Trover Saves the Universe pretty much has everything one might expect from a game developed by Rick & Morty co-creator Justin Roiland. There’s plenty of self-aware humor, mixed with almost non-stop profanity (or bleeping), bathroom humor, sex jokes, and random mentions of genitalia. All of it is thrown into an insane world where characters get high by inserting creatures into their empty eye sockets.
Players take the role of a nameless Chairorpian, a hoverchair-bound race that hates walking. A giant eyeless Angry Bird named Glorkon steals your two dogs, then plugs them into his eye sockets to acquire immense, universe destroying power. Your job is to stop him and get your dogs back. You do so using Trover, who surrenders control of his body to you. He inserts little creatures called “power babies” into his empty eye sockets to upgrade his powers.
Yes, this is a strange one, and that’s part of what makes the game so hard to put down. It’s safe to say that if you’re looking for something crazy and original, Trover Saves the Universe fits that description perfectly.

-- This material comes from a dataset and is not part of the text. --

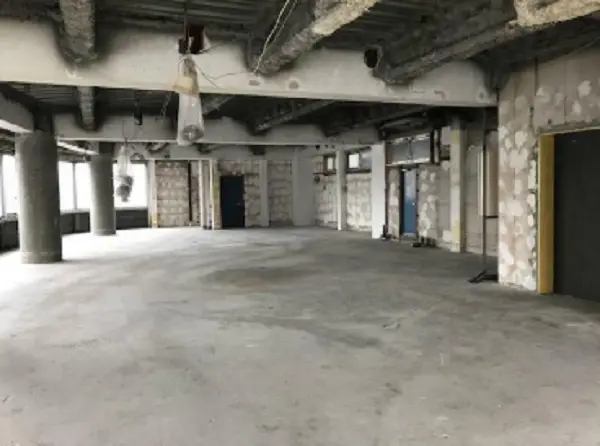 松戸のスケルトン店舗物件の内装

Although designed mainly for virtual reality (VR) headsets, you can play this game on a normal screen. VR improves the experience by offering “a greater sense of presence, or whatever” while making multitasking during puzzles and combat significantly easier. Specifically, it’s easier to keep track of Trover as he jumps from place-to-place by moving your head instead of constantly turning the camera back-and-forth to get a good view. Manipulating objects also becomes simpler because you can just look at the objects you want to pick up.
Without VR, Trover Saves the Universe becomes a fairly straightforward but serviceable action platforming game. Aside from the occasional multitasking hiccups, the combat and puzzles are easy to get through. For the most part, the game tries to make sure players are always progressing, even if it means making fun of its own puzzles. For instance, when you take too long with a push-button puzzle, Trover will complain about how stupid button pushing is. Then he’ll finally say, “Fuck this shit,” and give you the option to break through the wooden door using his laser sword.

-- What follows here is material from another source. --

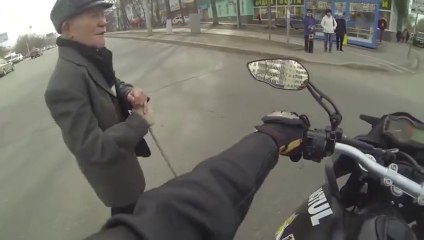 Karşıdan Karşıya Geçmeye Çalışan Dedeye Yardımcı Olan Motorlu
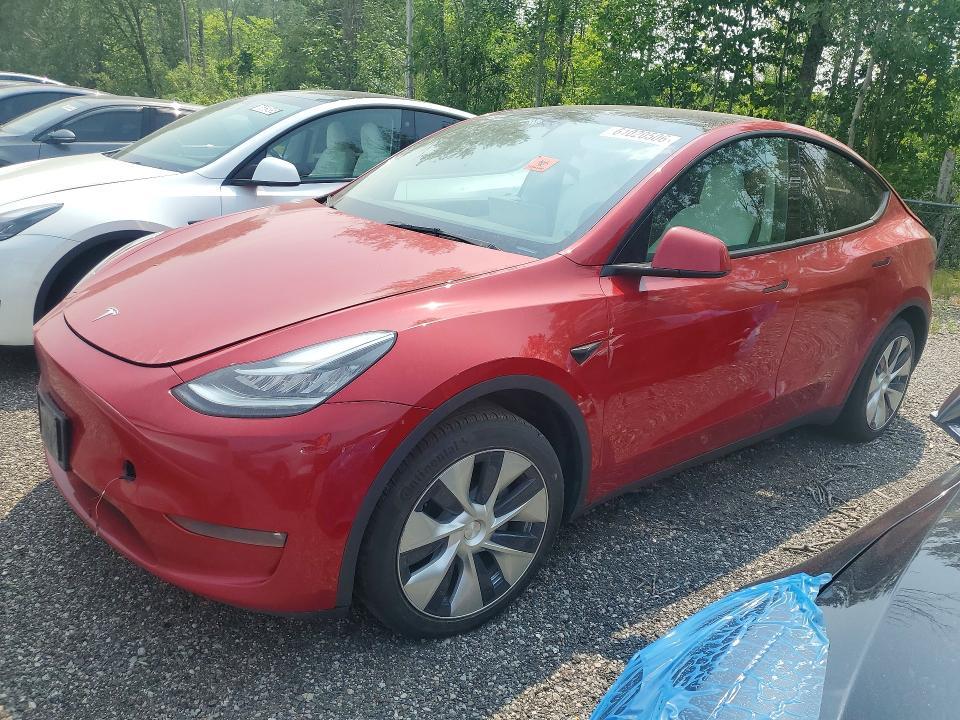 2022 Tesla Model Y — фото 1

However, it can be difficult to judge how far some areas are and whether you can jump to them. There was also one puzzle where I got stuck for a long while because I didn’t realize there was a switch I needed to activate on the other side of the area. The game can be a little inconsistent with the useful advice it provides, and things can quickly turn annoying when you’re next to a character who whines non-stop.
There’s also not much to go on if you get a turned around or lose your way on a level. Although players follow a linear path using teleportation beacons, some places circle back around or lead to dead ends. There’s no map, so you pretty much have to figure things out for yourself.

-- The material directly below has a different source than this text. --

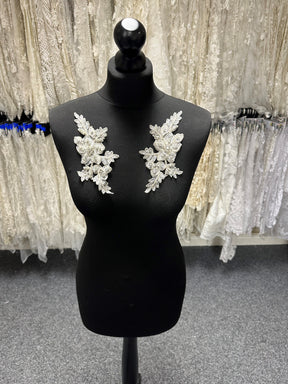 Ivory Crystal Embroidery - Delta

On the other hand, the Trover Saves the Universe’s gameplay is almost incidental. Its greatest — and perhaps most annoying — feature is how the characters rarely shut up. The game has hours of dialogue, complete with self-corrections and fully improvised rants about random topics. It’s apparent that the voice actors were primarily working from a script outline for the main plot points and were then allowed to cut loose. While there are a few lines that probably should have been saved for the outtakes collection, Trover ends up feeling like an interactive stand-up act, and that’s absolutely brilliant.
With Trover continually commenting on the situation, sometimes recapping events you just played through, I felt constantly engaged. I wasn’t just playing a quirky platforming game. This was a game that knew it was a game. In one scene, Trover points out that he has more to lose because he has a health bar and all the enemies are attracted to him, while I was pretty much invisible and invincible. That kind of self-awareness kept me playing just to see what would happen next.
What makes the game even more impressive is how it reacts to the player’s moves. In one scene, an NPC goes on a long monologue about the real estate business. So, I decided to jump around. Suddenly, he said, “quit that jumping around, I’m trying to tell a story here!”
NPCs will grow exasperated if you don’t look where they’re pointing. A pair of minions heckled me for trying to crush them with a giant block, proclaiming that they were immune to blocks and that I couldn’t just shortcut my way through the puzzle. Trover lost his shit when I became indecisive over who to kill.
This is seriously next-level interaction.
What just happened?
If you only take gameplay mechanics into consideration, Trover Saves the Universe ends up an okay action platforming puzzler. But then you’d be missing half the picture. Experiencing the game means actually experiencing it by listening to conversations. It means making dialogue choices, messing around with NPCs, and dealing with an extraordinary number of dick and ass jokes. Somehow, that all adds up to something amazing.